Lezyonlar yaklaşık %20 oranında spontan olarak gerileme gösterir. Tedavide lezyonların triklor asetik asit, podofilin, krioterapi veya elektrokoterizasyon ile uzaklaştırılması gereklidir. Tedavide tam başarı sağlanana kadar birkaç kür gerekebilir (18).
Vitiligo epidermisdeki melanositlerin progresif olarak kaybı ile karakterize otoimmün bir durumdur. Lezyonlar renk değişiminin dışında asemptomatiktirler. Hipopigmente alanların cilt yapısı normal görünümdedir. Kenarlar keskin sayılabilecek sınırlara sahiptir. İyi bir hikaye ile hastanın akrabalarında da benzer hipopigmente alanların vucudun değişik lokalizasyonlarında görüldüğü belirlenebilir. Liken sklerosus da soluk bir lezyon halinde olabilir ancak kaşıntı semptomunun varlığı ayırıcı tanıda kolaylık sağlar. Şiddetli enflamatuar durumların ardından hipopigmentasyon alanları oluşabilir.
Bartolin bezleri vestibülün posteror lateral kısmında iki taraflı olarak yerleşmiş bezlerdir. Müsinöz bir sekresyonu vardır ve bartolin kanalı aracılığıyla salgısını boşaltır. Bartolin bezlerinin salgısı ilişki sırasında kayganlık sağlayıcı bir fonksiyon görse de bu salgı hem kayganlığın tek kaynağı değildir hem de optimal bir kayganlık fonksiyonu için gerekli değildir. Travma veya enfeksiyon gibi nedenlerle bezin salgı kanalı tıkanabilir. Enfeksiyon yokluğunda tıkanma proksimalinde biriken salgı bezin kistik bir kitle halini almasına yon açar ancak palpasyonda düzgün sınırlı olarak saptanan bu kistik kitlede hassasiyet olmaz. Bununla birlikte ağrı olmasa da kistin büyümesine bağlı bası semptomları görülebilir.

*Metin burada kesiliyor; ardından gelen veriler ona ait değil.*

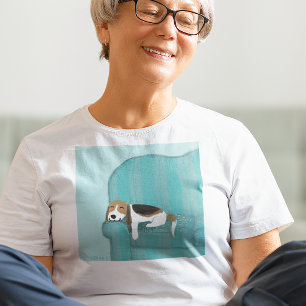 Glückliche niedliche entspannte Tierkunst des T-Shirt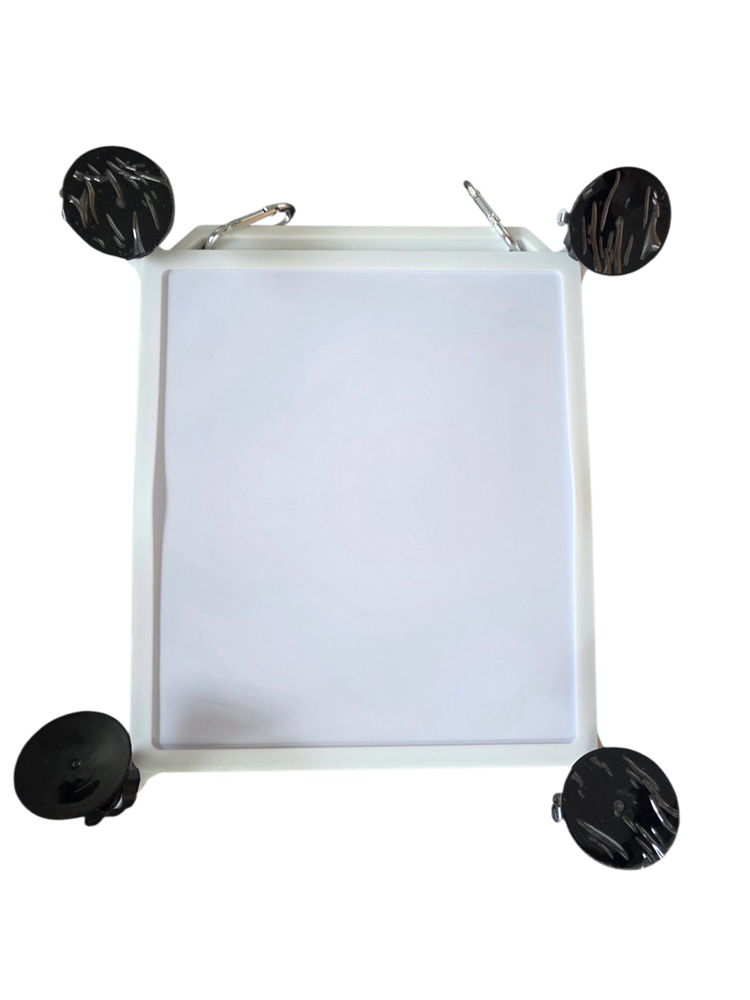 Starlink Mini silicone cover front view white with suction cups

Asemptomatik Bartolin kistleri için tedavi gerekmez. Semptomatik olduğunda kistin drenajı gerekir. Kistin marsupializasyonu veya total eksizyonu yapılabilir. Bunun yanında lazer veya elektrokoterizasyon ile kist duvarının koagüle edilmesi de kullanılmakta olan yöntemlerdir (19). Bu bölgenin kanlanmasının oldukça zengin olması nedeniyle postoperatif hematom riskini bertaraf etmek için iyi bir hemostaz yapılmalıdır.
Bartolin bezinin karsinomu nadir bir durum olsa da ileri yaşlardaki (40 yaş üstü) bartolin kistlerinde karsinom açısından dikkatli olmak gerekir (20).